When not using single-topic
, the topic names are:
OpenNMS.Apex.rpc-request.Collect
OpenNMS.Apex.rpc-request.DNS
OpenNMS.Apex.rpc-request.Detect
OpenNMS.Apex.rpc-request.Echo
OpenNMS.Apex.rpc-request.PING
OpenNMS.Apex.rpc-request.PING-SWEEP
OpenNMS.Apex.rpc-request.Poller
OpenNMS.Apex.rpc-request.Requisition
OpenNMS.Apex.rpc-request.SNMP
OpenNMS.Durham.rpc-request.Collect
OpenNMS.Durham.rpc-request.DNS
OpenNMS.Durham.rpc-request.Detect
OpenNMS.Durham.rpc-request.Echo
OpenNMS.Durham.rpc-request.PING
OpenNMS.Durham.rpc-request.PING-SWEEP
OpenNMS.Durham.rpc-request.Poller
OpenNMS.Durham.rpc-request.Requisition
OpenNMS.Durham.rpc-request.SNMP
When using single-topic
, the topic names are:
OpenNMS.Apex.rpc-request
OpenNMS.Durham.rpc-request
These topics are divided per Location. As you can see the location names are Durham
and Apex
.
These set works in conjunction with the rpc-response
set, so even if these topics are constrained by location, the relation with the other topic set force us to use the instanceId
feature per OpenNMS backend.
These topics are also associated with RPC communication, but don't contain the location name (hence the need to set the instanceId
):
When not using single-topic
, the topic names are:
OpenNMS.rpc-response.Collect
OpenNMS.rpc-response.DNS
OpenNMS.rpc-response.Detect
OpenNMS.rpc-response.Echo
OpenNMS.rpc-response.Poller
OpenNMS.rpc-response.SNMP
When using single-topic
, the topic names are:
OpenNMS.rpc-response
Using RPC with Kafka is not available on OpenNMS Meridian, this feature requires OpenNMS Horizon 23 or newer. For Meridian, ActiveMQ will manage RPC communication, but the response Queues are handled differently compared with the solution for Kafka.

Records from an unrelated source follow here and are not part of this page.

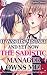 It was his mistake and yet now the sadistic manager owns me! Vol.3 (TL Manga): The sweet entrapment of a contractual slave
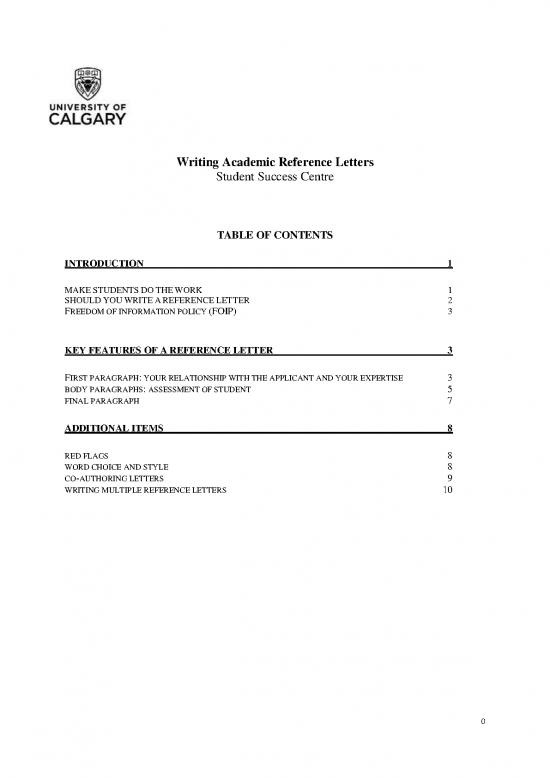 picture_Letter Pdf 49226 | Final Reference Guide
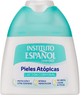 Balsam do ciała Instituto Espanol Pieles Atopicas Locion Corporal 100 ml (8411047108437) - obraz 1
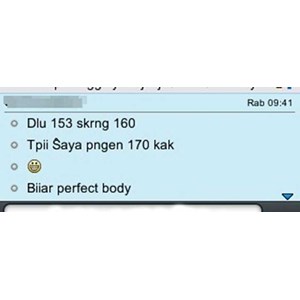 grow up super usa - peninggi badan-2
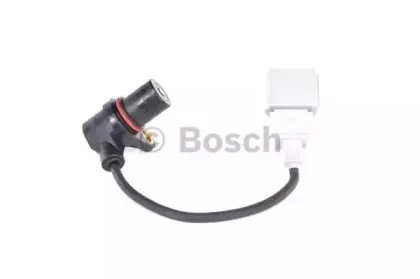 bosch-0261210199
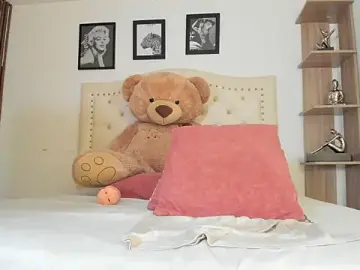 Stripchat Adult Webcam of Dani_Sweet_Ts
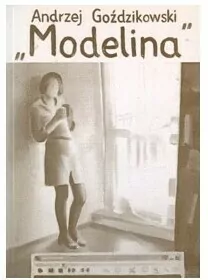 Modelina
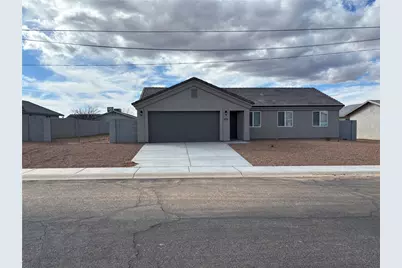 3327 N Central Street, Kingman, AZ 86401 - Photo 1
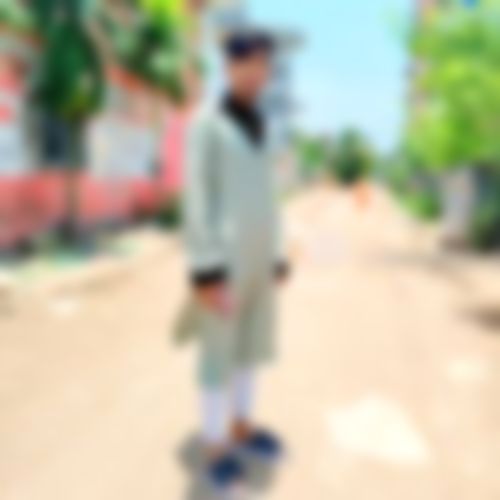 Md Minhaj Ali এর ছবি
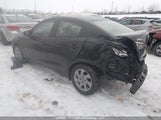 Toyota Yaris 3MYDLBYV5HY178221 снимка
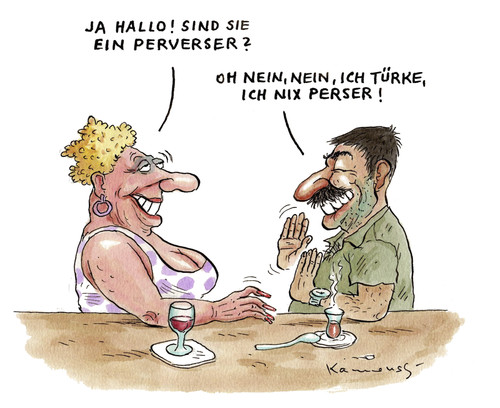 Völkerverständigung Völkerverständigung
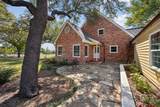 11826 Ridge Road - Photo 35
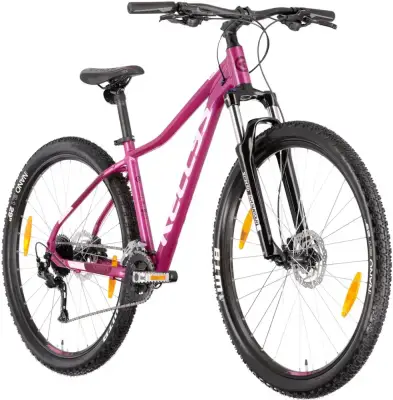 Rower Mtb damski Kellys Vanity 70 29" 2023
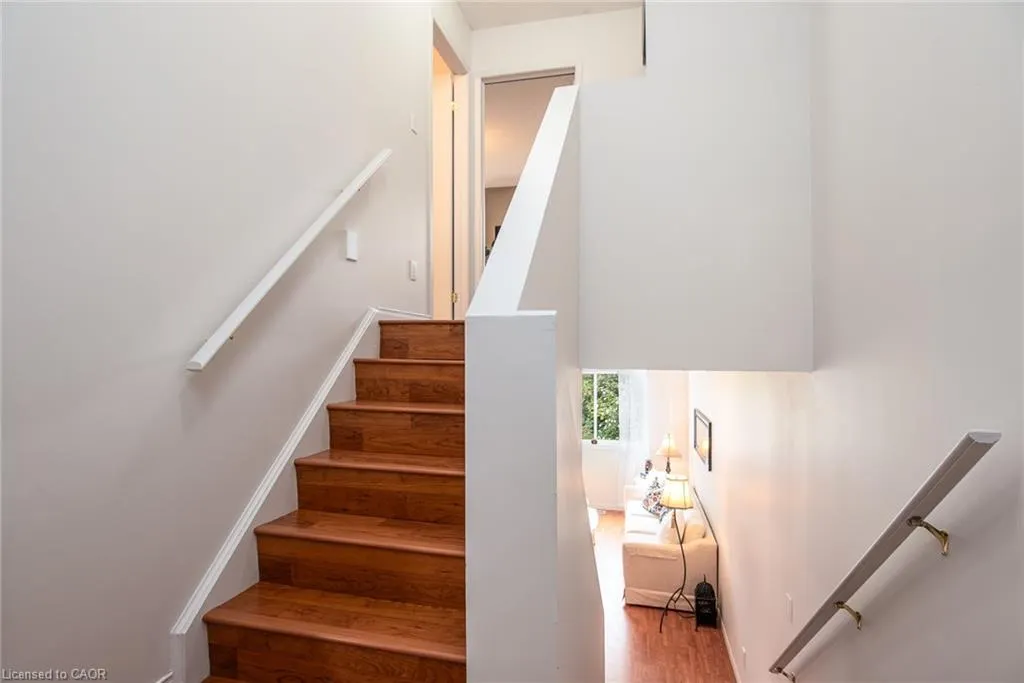 173 Highland Crescent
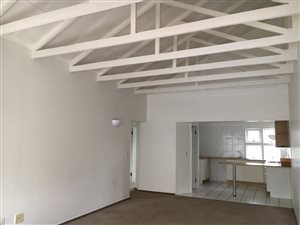 2 Bed Apartment in Elton Hill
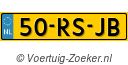 50RSJB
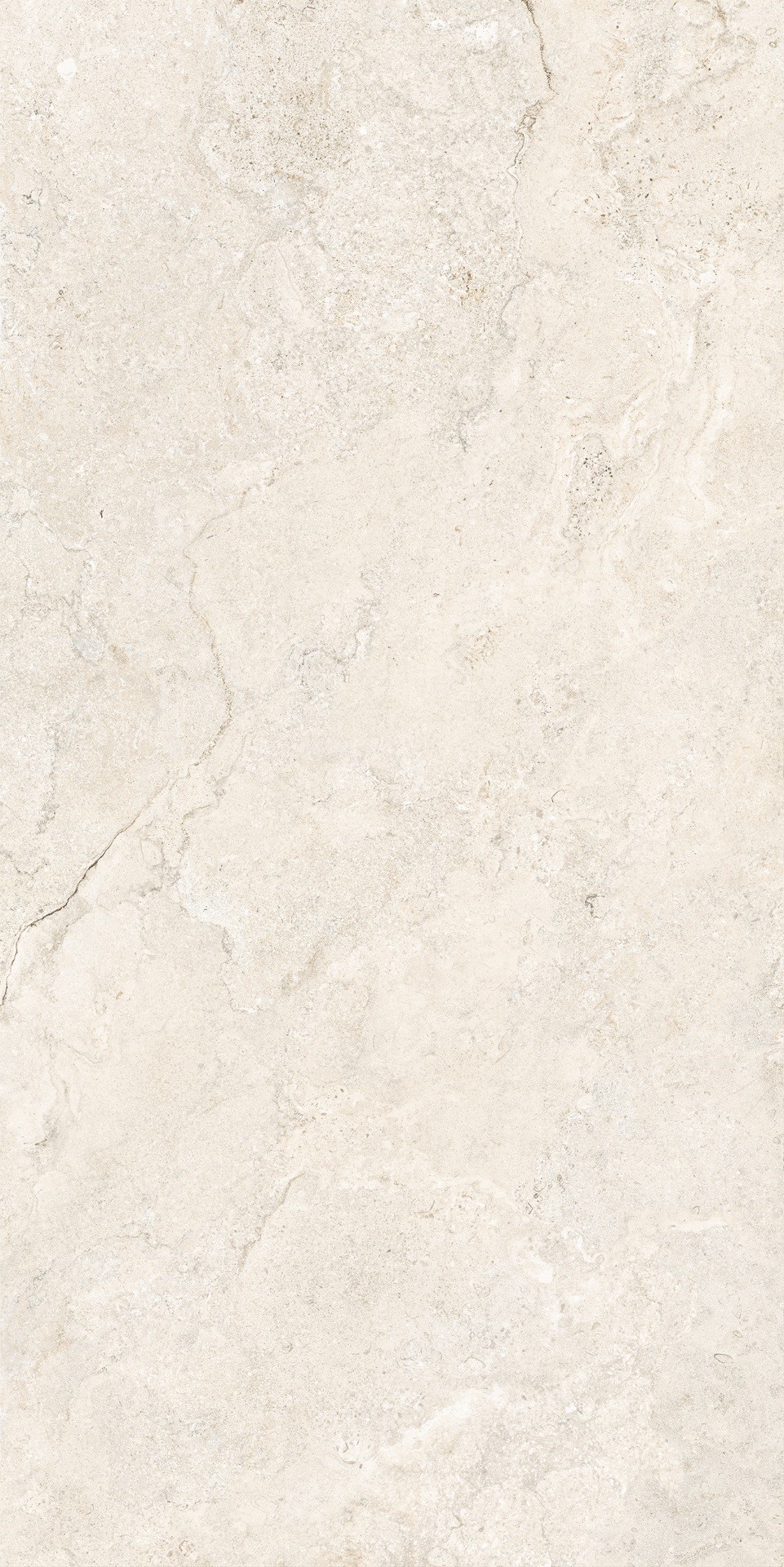 CAN5GOBIODPA На пол Gobi Ivory MT Rect S-Tech 60x120 - фото 8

These are shared topics that handle RPC responses from all the Minions from all the locations.
For similar reasons like the Sink topics, these should be constrained per OpenNMS backend and its Minions, and the way to do it is by setting an instanceId
per OpenNMS backend.
All the topics affected by the Instance ID are the Sink and RPC topics. The default value of the instanceId
is OpenNMS
(for OpenNMS Horizon), or Meridian
(for OpenNMS Meridian 2018 or newer).
When this ID is set with let's say CompanyName-DC1-G1
(for data center 1, group/sub-group 1), the topics will look like the following, assuming a location name of Loc1
:
CompanyName-DC1-G1.Sink.Events
CompanyName-DC1-G1.Sink.Heartbeat
CompanyName-DC1-G1.Sink.Syslog
CompanyName-DC1-G1.Sink.Trap
CompanyName-DC1-G1.Loc1.rpc-request.Collect
CompanyName-DC1-G1.Loc1.rpc-request.DNS
CompanyName-DC1-G1.Loc1.rpc-request.Detect
CompanyName-DC1-G1.Loc1.rpc-request.Echo
CompanyName-DC1-G1.Loc1.rpc-request.PING
CompanyName-DC1-G1.Loc1.rpc-request.PING-SWEEP
CompanyName-DC1-G1.Loc1.rpc-request.Poller
CompanyName-DC1-G1.Loc1.rpc-request.Requisition
CompanyName-DC1-G1.Loc1.rpc-request.SNMP
CompanyName-DC1-G1.rpc-response.Collect
CompanyName-DC1-G1.rpc-response.DNS
CompanyName-DC1-G1.rpc-response.Detect
CompanyName-DC1-G1.rpc-response.Echo
CompanyName-DC1-G1.rpc-response.Poller
CompanyName-DC1-G1.rpc-response.SNMP
Obviously, if a second OpenNMS backend has an instanceId
of CompanyName-DC1-G2
or CompanyName-DC2-G3
, the topics won't interfere between each other, and they can safely share the same Kafka Cluster.
The above solution was designed to be implemented using Kafka. Unfortunately, there are situations on which it is required to use ActiveMQ, for example, when using Meridian 2018, or a version of Horizon older than 23.
ActiveMQ requires additional changes on $OPENNMS_HOME/etc/opennms-activemq.xml
when the instance ID is changed. To be more precise, under a section called authorizationEntries
.
The default configuration contains the following:
<!-- Users in the minion role can write/create queues that are not keyed by location -->
<authorizationEntry queue="OpenNMS.*.*" write="minion" admin="minion" />
<!-- Users in the minion role can read/create from queues that are keyed by location -->
<authorizationEntry queue="OpenNMS.*.*.*" read="minion" admin="minion" />
The prefix OpenNMS
should be replaced with the chosen Instance ID. In case of Meridian 2018, the default prefix is different but the logic still applies.